Soybean grain oil concentration was inconsistently impacted by fertilizer treatments (Table 14). Oil concentration varied among the sources at Crookston with the greatest oil concentration for CaCl2 and the least for K2SO4. Other effects on oil were relatively minor or could not be readily explained with the statistical analysis. What I am expecting over time is to see greater impacts on quality as additional fertilizer is applied to the same plots. This effect has been seen in studies conducted over a period of 8-10 years in Minnesota. The effect of Cl may be cumulative over time and may take 4-6 years to fully show up in the locations being studied.
Effect on Soil Test Change.
Soil samples were collected from plots at a 0-6 and 6-24” depth in fall prior to fertilizer application for the 2018 growing season.

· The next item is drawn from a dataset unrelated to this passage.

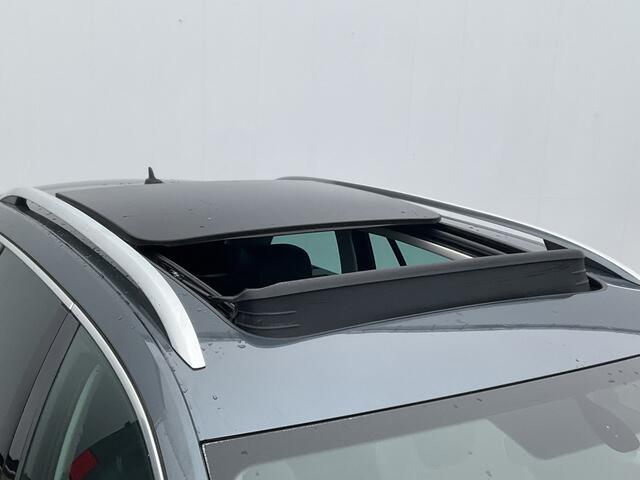 Skoda OCTAVIA Combi 1.0 TSI Pano.dak DAB Trekhaak Stoelverw. Carplay Greentech Ambition Business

Individual plots were sampled only when fertilizer treatments were applied for the 2017 crop. For blocks where treatments were to be applied for the 2018 crop a single composite soil sample was collected. Data for four of the location is presented in this report. For the Morris corn/soybean, treatments were incorrectly applied ahead of either crop and soil samples thusly were collected from the wrong plots in fall. Due to the misapplication, the corn/soybean site at Morris will be discontinued leaving only the wheat/soybean rotation. Both Morris plots were adjacent to each other such that the soil types are similar and losing one of the studies will not pose a problem for assessing the impacts of the fertilizer sources on soybean yield. Figures summarizing soil test values are organized by 2017 crop.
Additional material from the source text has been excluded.